_Available data_
-------------------------
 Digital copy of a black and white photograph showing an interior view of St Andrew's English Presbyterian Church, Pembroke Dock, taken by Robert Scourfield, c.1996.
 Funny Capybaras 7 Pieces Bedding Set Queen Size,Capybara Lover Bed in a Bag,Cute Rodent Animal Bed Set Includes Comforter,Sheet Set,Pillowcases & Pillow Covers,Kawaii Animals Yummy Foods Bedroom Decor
-------------------------
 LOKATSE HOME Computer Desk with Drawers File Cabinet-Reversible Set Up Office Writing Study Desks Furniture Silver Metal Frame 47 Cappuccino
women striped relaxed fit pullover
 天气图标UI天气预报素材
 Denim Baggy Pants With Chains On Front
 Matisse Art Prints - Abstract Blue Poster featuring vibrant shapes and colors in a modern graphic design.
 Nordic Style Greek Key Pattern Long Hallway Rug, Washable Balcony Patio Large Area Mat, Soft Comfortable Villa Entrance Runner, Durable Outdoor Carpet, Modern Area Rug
-------------------------
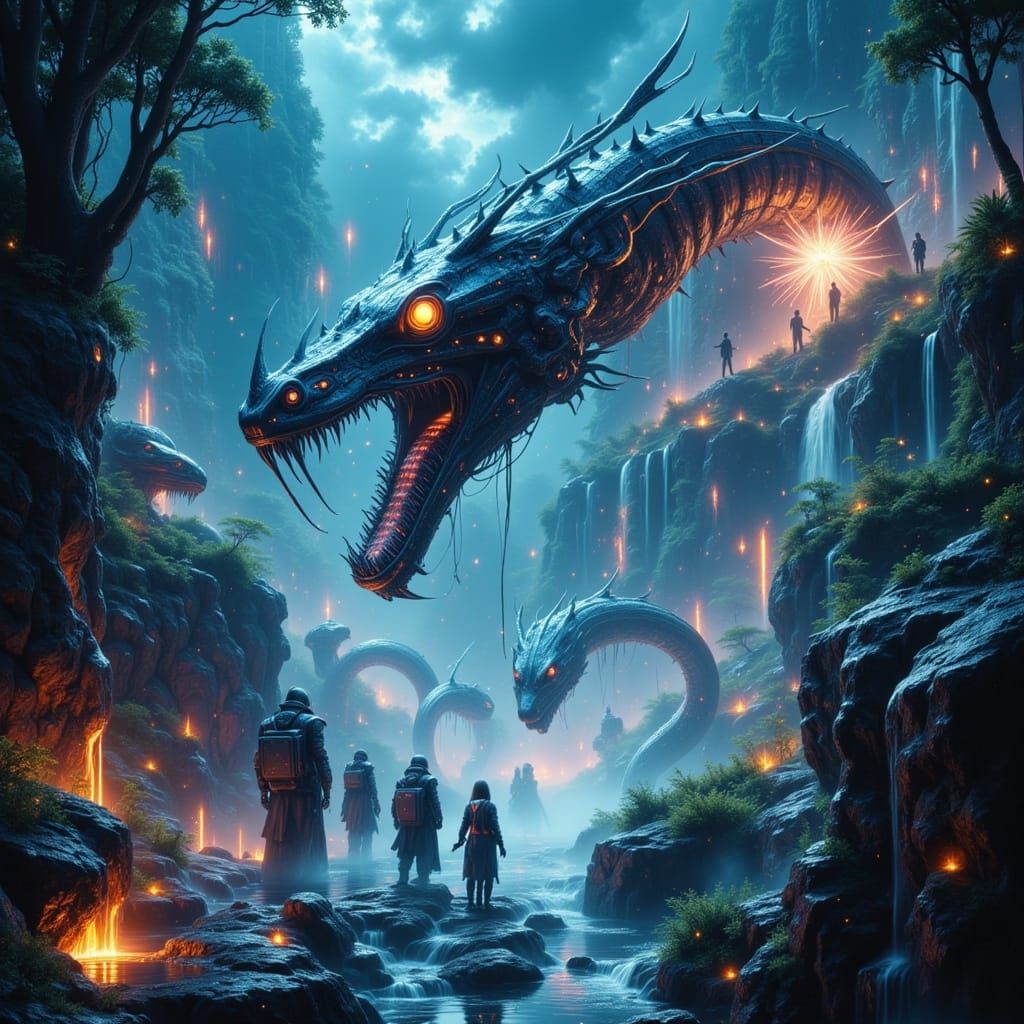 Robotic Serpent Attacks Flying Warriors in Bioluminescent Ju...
-------------------------
_Task description_
From the data above, output only the lines between the line containing "天气图标UI天气预报素材" and the line containing "Nordic Style Greek", inclusive, exactly as written.

_Answer box_
 天气图标UI天气预报素材
 Denim Baggy Pants With Chains On Front
 Matisse Art Prints - Abstract Blue Poster featuring vibrant shapes and colors in a modern graphic design.
 Nordic Style Greek Key Pattern Long Hallway Rug, Washable Balcony Patio Large Area Mat, Soft Comfortable Villa Entrance Runner, Durable Outdoor Carpet, Modern Area Rug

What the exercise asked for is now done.